Some of LifeLong’s locations do have backup generators, but the health center has also installed solar power at one location and is looking into doing so at another.
But LifeLong also has a series of protocols it employs whenever the power goes out, so that clinic locations can stay open. They use paper charts and prescription pads, keep a charged laptop and battery-operated lamps, and employ an electronic medical record system that can be accessed through a remote server.
“We can provide services as long as we have light and as long as there’s paper,” Lewis said.
The power of electricity
A power outage often means that health centers can’t carry out procedures, run a dental clinic, or conduct some exams. That may be the case even though need is always high, and will likely be exacerbated after an emergency, when patients have injuries, lose their chronic medications, or have mental health needs related to what they’ve just undergone.
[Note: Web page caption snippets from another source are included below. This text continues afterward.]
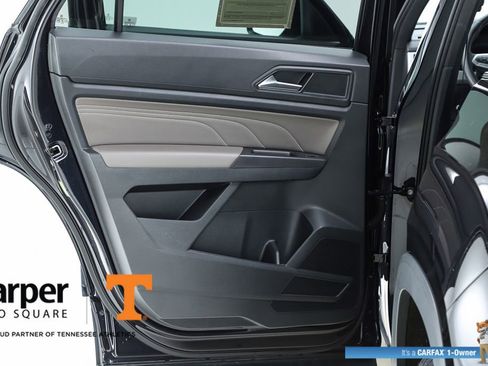 Used 2023 Volkswagen Atlas Cross Sport SE w/ Panoramic Sunroof Package image 17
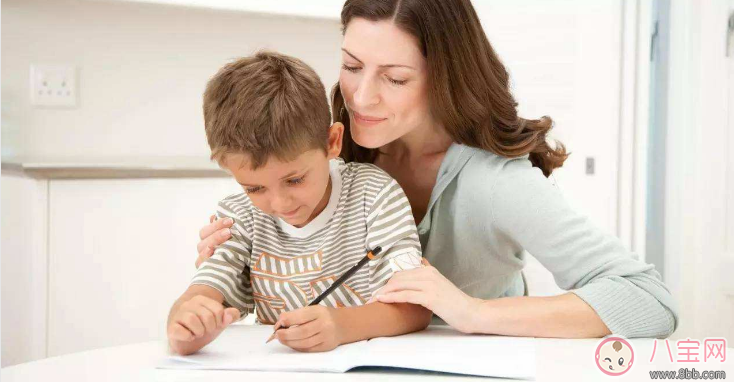 陪孩子寫作業說說快崩潰了的說說 陪孩子寫作業抓狂的心情短語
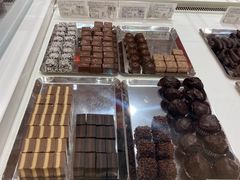 -VENCHI 闻绮(上海佛罗伦萨小镇店)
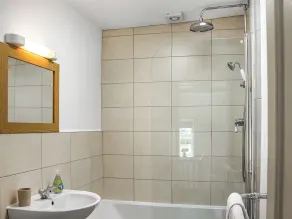 2 bedroom accommodation in Near Betws-y-Coed - Image 4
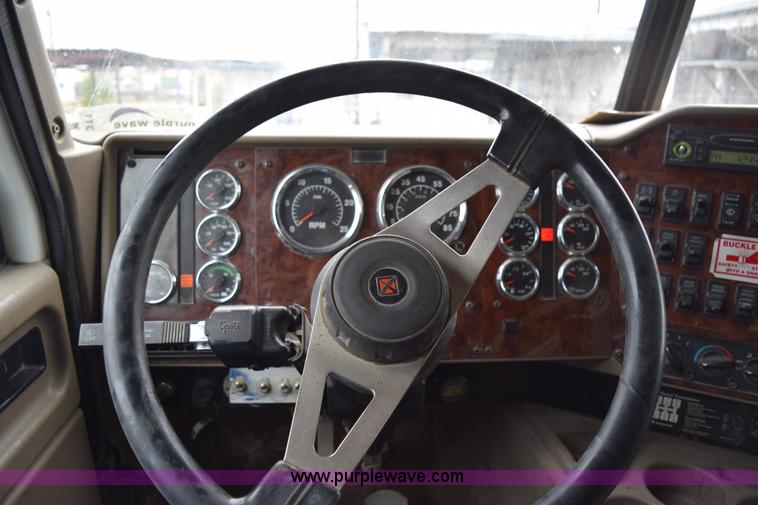 image for item K2311 2006 International 9200i semi truck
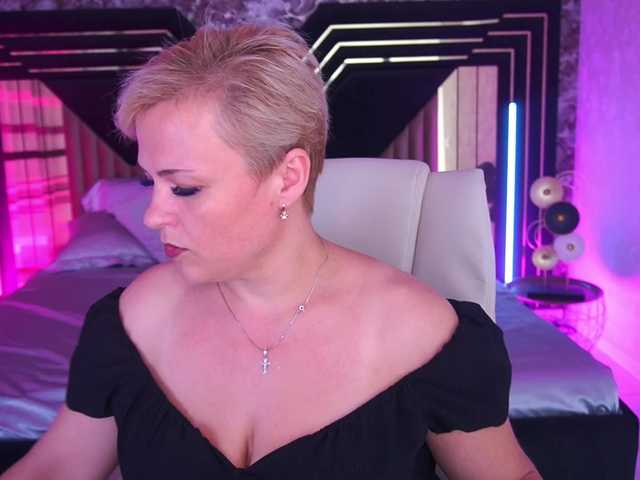 CrystalVibe live cam on BongaCams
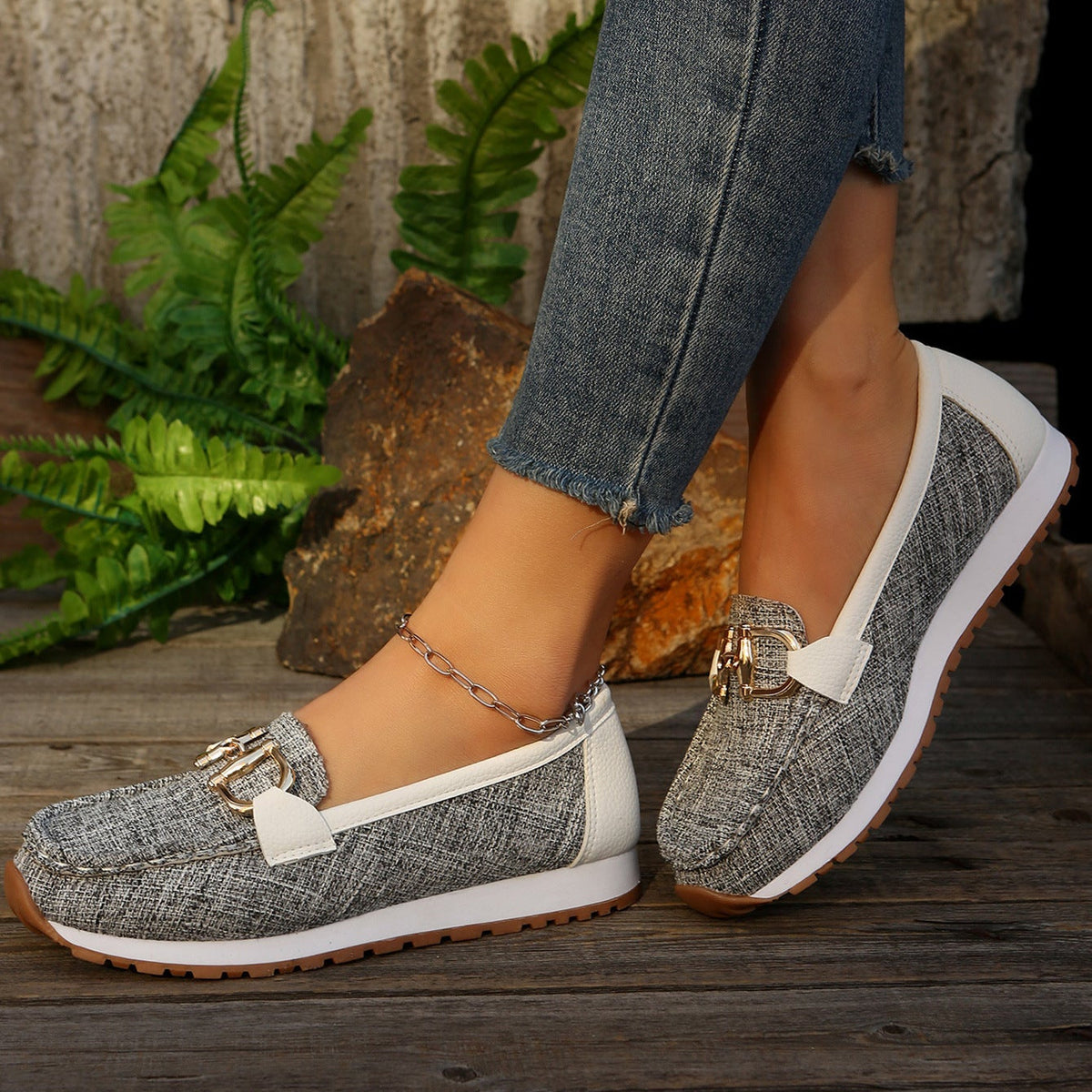 Mocasines con hebilla dorada y plataforma, cómodos y sin cordones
Knox described having to reschedule dental appointments, flu shots, and medical appointments requiring equipment.
Having power isn’t just about powering medications or electronic medical records, Knox said. It’s also about encouraging staff – also dealing with flooding, damage, or whatever the aftermath of an emergency has brought – to come in and help with the increased medical need.
“There’s always a surge after a big event,” he said. “Do you want to meet the surge with 40% of your staff or 65% of your staff?”
Providing a place for staff members to take a shower, do laundry, eat a meal, and put the kids in front of the TV is one of the most effective things PanCare can do to make sure patients receive needed care after a hurricane, Knox said. In part for that reason, the health center’s goal is to outfit each of its 15 locations with a large backup generator.
“That’s how important electricity is,” he said.
Keeping doors open
Recognizing the indispensable link between reliable power and access to health care, Direct Relief recently announced the launch of its “Power for Health” initiative. The organization is committing an initial $5 million to ensure that the U.S. health care safety net has access to resilient power.
The commitment follows $10 million that the organization has already invested in solar and battery power systems for health centers and other nonprofit health care providers.
As disasters such as wildfires and hurricanes grow more severe, the threat of power outages will only grow, Casey said: “I can say as we continue to see more climate-related events, we will continue to see more power outages, especially if we don’t invest in our grid.”
Casey explained that solar power, in particular, presents a significant opportunity to both “reduce our carbon emissions and also improve our resiliency to disaster.”
For health centers doing everything in their power to stay open, even during an emergency, a reliable, resilient power source is a valuable piece of the puzzle.
Lewis explained that need doesn’t stop during an emergency, which means that LifeLong, like other health centers, continues to see patients as long as it’s safe to do so.
Closing the doors is “always absolute last-case scenario,” she said. “Our community relies on us so much for their health care needs, and we always do whatever we can to prevent having to close up. We will keep going through the normal schedule.”